- TASK TO COMPLETE: From the records below, output exactly the lines starting at the line with "Cleaning worker silhouettes" and ending at the line with "Men’s Nike Ben", both of them included, but no pictures.

- TASK DATA:
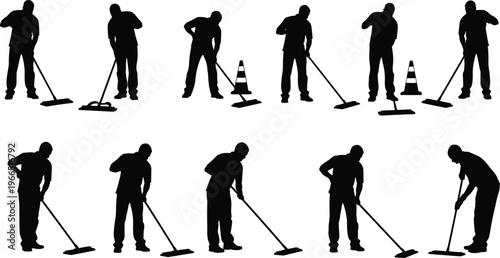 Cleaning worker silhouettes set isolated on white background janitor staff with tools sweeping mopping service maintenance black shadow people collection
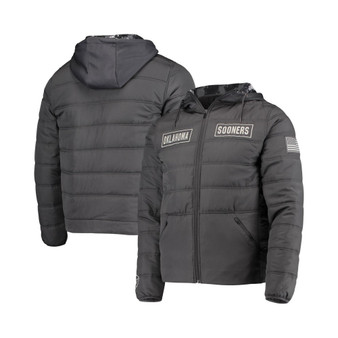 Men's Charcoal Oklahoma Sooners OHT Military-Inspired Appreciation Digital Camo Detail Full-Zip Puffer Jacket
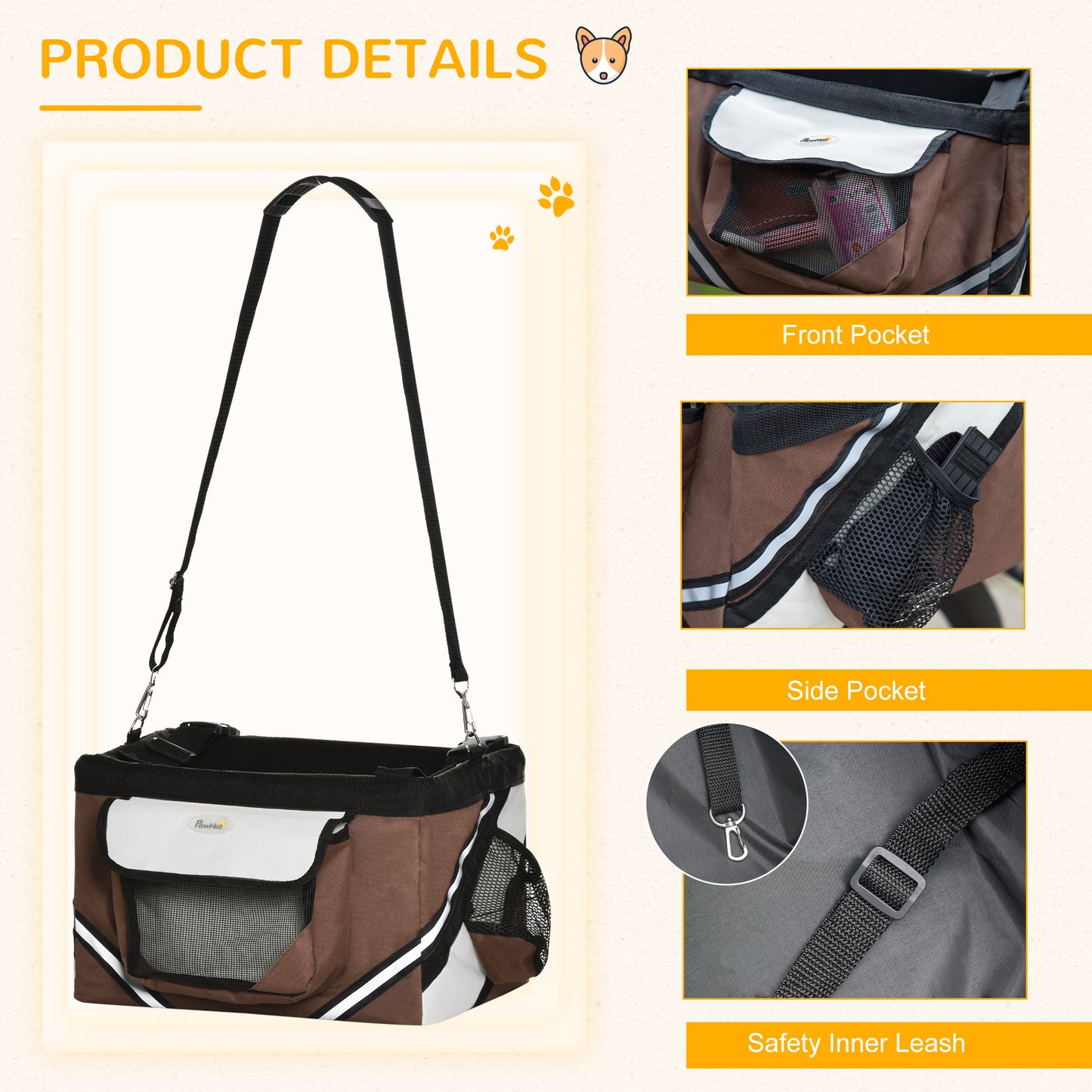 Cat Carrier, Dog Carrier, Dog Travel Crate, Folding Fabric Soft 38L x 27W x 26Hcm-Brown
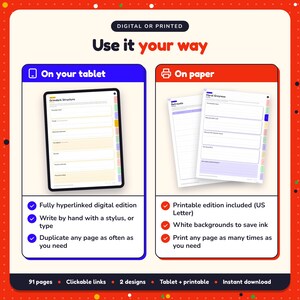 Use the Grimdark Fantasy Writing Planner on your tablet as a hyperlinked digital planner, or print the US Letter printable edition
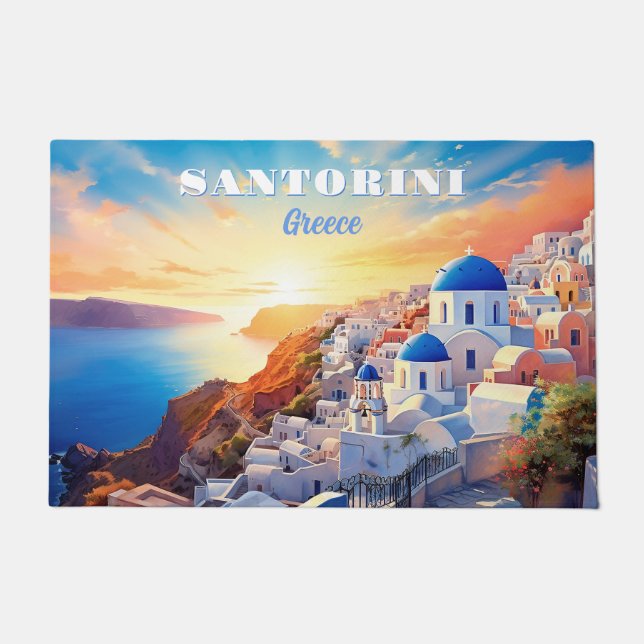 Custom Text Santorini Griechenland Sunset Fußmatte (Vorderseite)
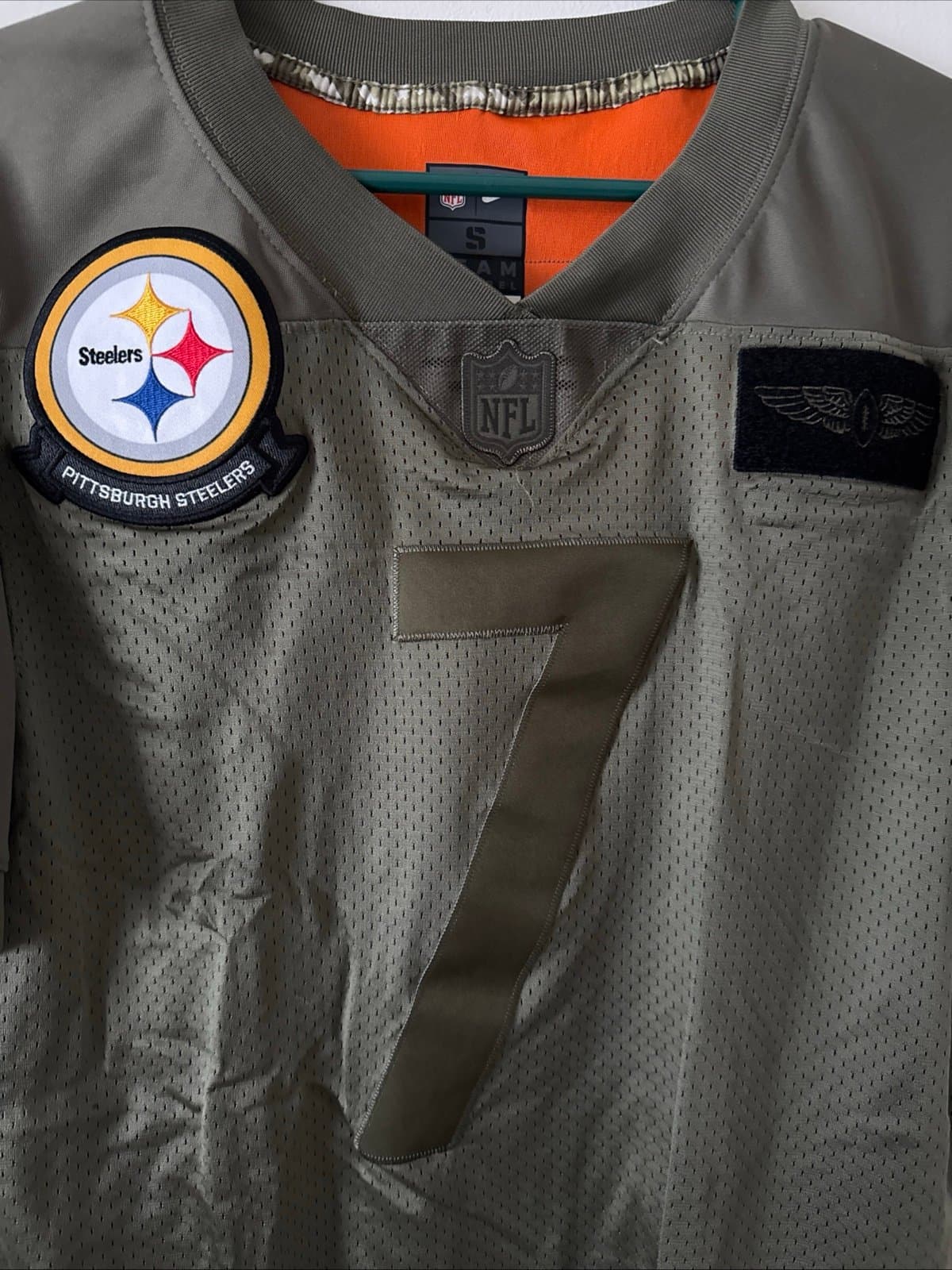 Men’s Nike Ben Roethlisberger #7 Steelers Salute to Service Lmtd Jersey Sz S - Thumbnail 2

==

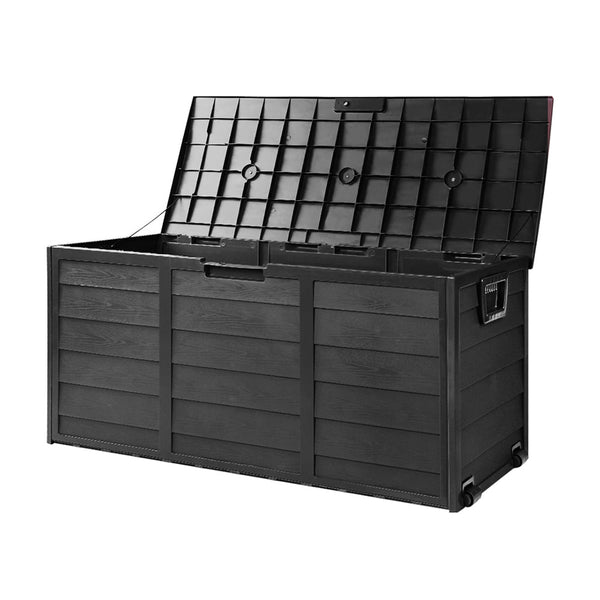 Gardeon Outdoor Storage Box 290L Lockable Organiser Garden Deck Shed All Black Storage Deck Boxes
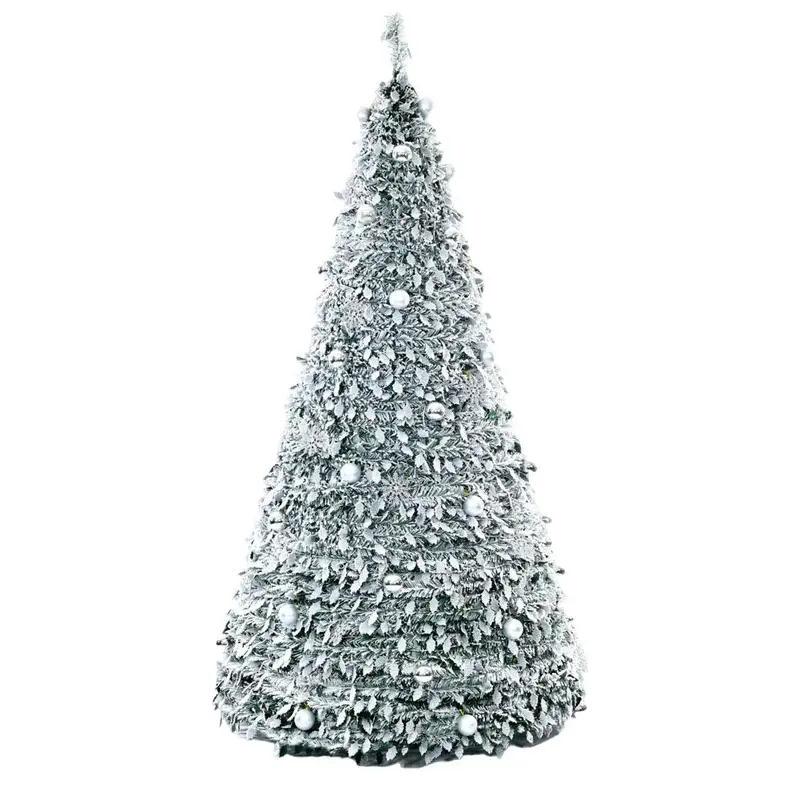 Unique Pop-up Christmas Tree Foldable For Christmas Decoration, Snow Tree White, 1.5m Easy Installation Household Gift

* * *

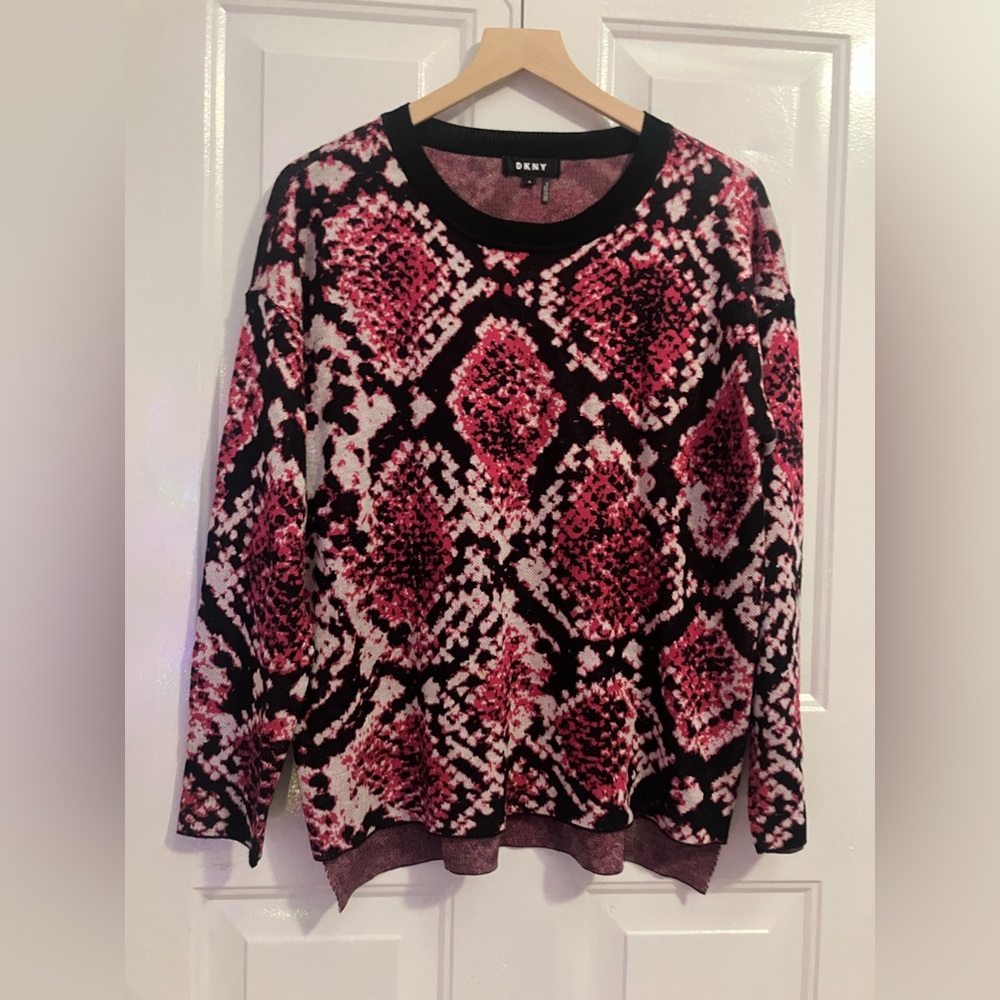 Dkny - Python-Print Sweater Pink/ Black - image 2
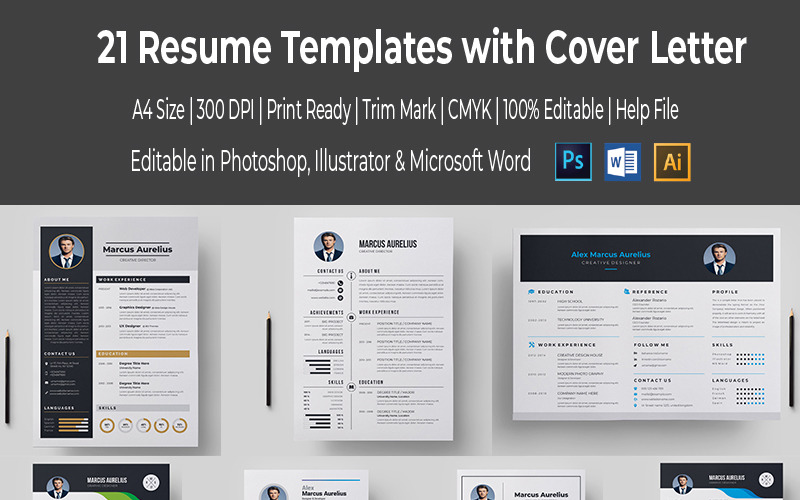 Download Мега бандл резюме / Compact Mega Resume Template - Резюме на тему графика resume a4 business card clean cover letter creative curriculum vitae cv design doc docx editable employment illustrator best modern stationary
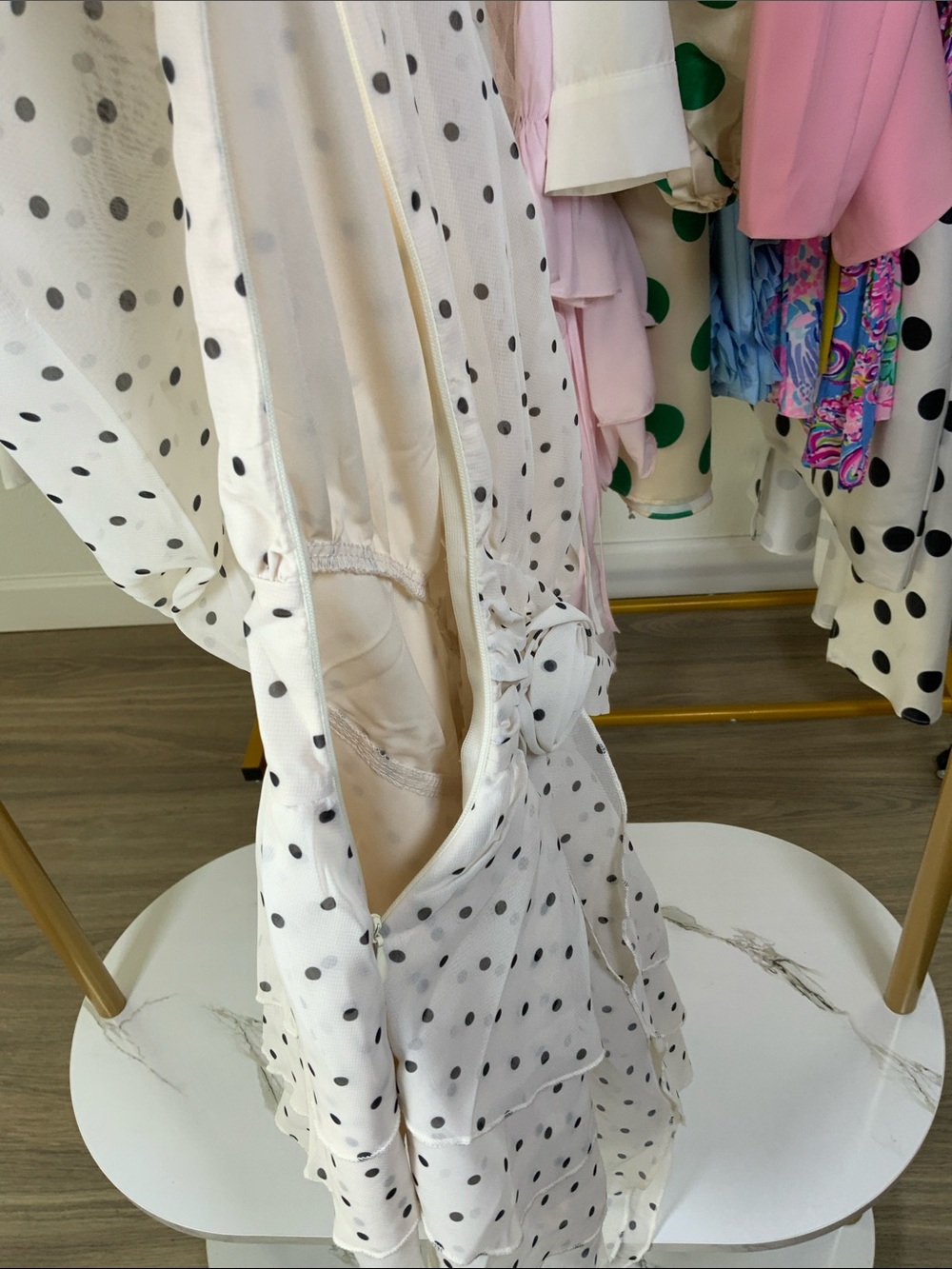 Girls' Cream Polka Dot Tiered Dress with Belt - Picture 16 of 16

- RESPONSE FOR THIS EXERCISE:
 Cleaning worker silhouettes set isolated on white background janitor staff with tools sweeping mopping service maintenance black shadow people collection
 Men's Charcoal Oklahoma Sooners OHT Military-Inspired Appreciation Digital Camo Detail Full-Zip Puffer Jacket
 Cat Carrier, Dog Carrier, Dog Travel Crate, Folding Fabric Soft 38L x 27W x 26Hcm-Brown
 Use the Grimdark Fantasy Writing Planner on your tablet as a hyperlinked digital planner, or print the US Letter printable edition
 Custom Text Santorini Griechenland Sunset Fußmatte (Vorderseite)
 Men’s Nike Ben Roethlisberger #7 Steelers Salute to Service Lmtd Jersey Sz S - Thumbnail 2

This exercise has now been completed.